Last byte or line offset included in progressive state.

status

pending, running, ready_to_complete, completed, failed, or unsupported.

error

Structured failure reason when status is failed or unsupported.

The important semantic requirement is that the stop/end run must produce a result equivalent to running terminal LogSage on the complete final file.

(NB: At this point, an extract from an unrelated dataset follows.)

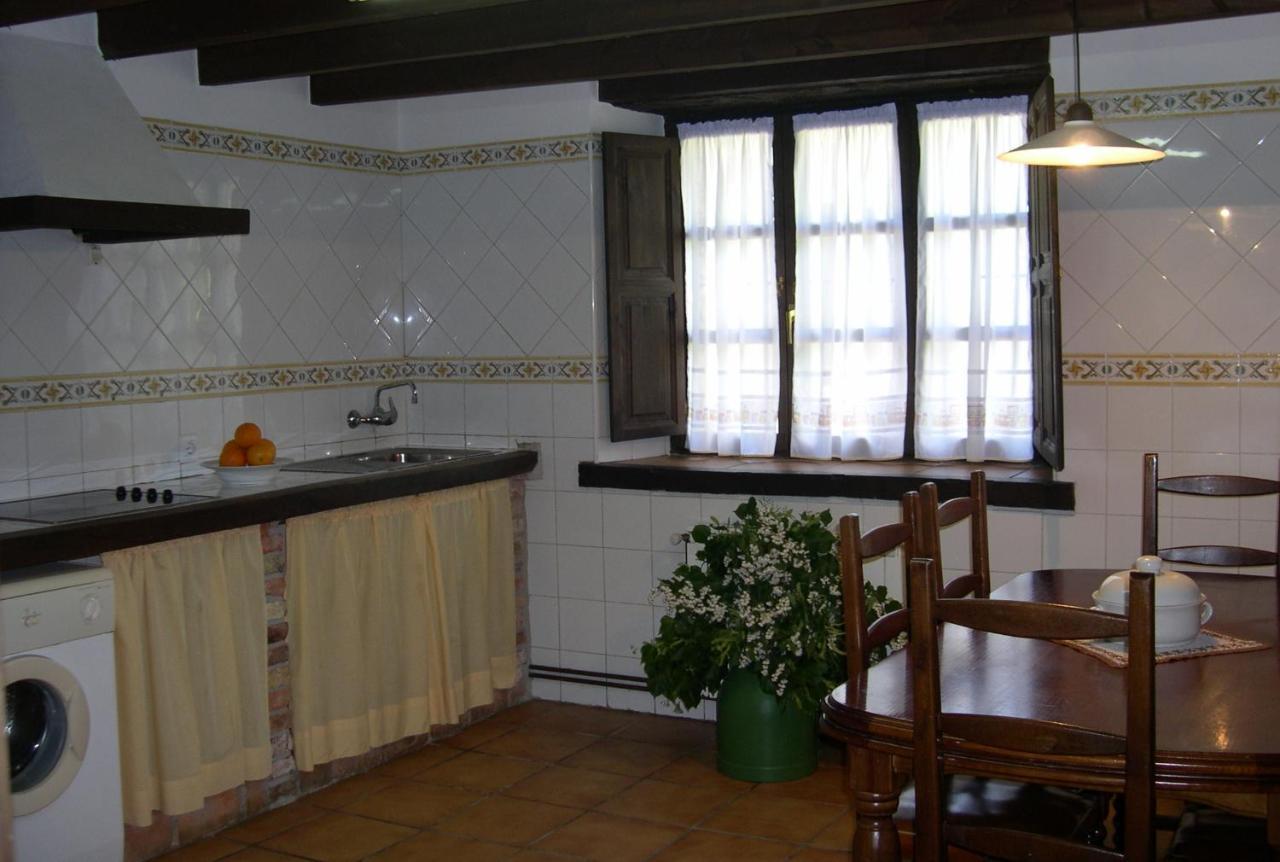 Turismo Rural El Sidron Guest House Pilona Luaran gambar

Attrsvc should not need to understand LogSage’s internal summaries, LLM prompt state, or whether reuse was LogSage-owned or tool-owned.

Validation

  • Unit-test that existing POST /logs requests remain track-only by default.

  • Unit-test that ft_launcher POST sends progressive intent.

  • Unit-test that Analyzer.submit delegates progressive start to the loganalysis boundary only when the feature gate is enabled.

  • Unit-test that the MCP/loganalysis progressive-start operation returns status metadata and does not run terminal attribution.

  • Once LogSage/tool reuse exists, unit-test that the terminal MCP/loganalysis call can request progressive reuse while preserving the existing result shape.

  • Unit-test that service-mode POST with job_id does not initiate progressive analysis by default.

  • Once reuse exists, unit-test GET fallback when progressive state is missing, unsupported, failed, stale, or cannot be used to complete analysis.

  • Unit-test that POST does not return a completed attribution result.

  • Integration-test the full ft_launcher flow with a fake progressive analyzer: POST starts state, log grows, GET returns a normal recommendation through the existing stop/end path.

  • End-to-end validate latency improvement with real LogSage progressive support once available.

Open Questions

  • What exact LogSage API should back log_analyzer_progressive_start and terminal reuse?

  • Should progressive advancement be LogSage-owned after start, or should the NVRx loganalysis tool drive repeated LogSage calls over the growing file?

  • If the NVRx loganalysis tool owns advancement, what polling and concurrency policy should it use?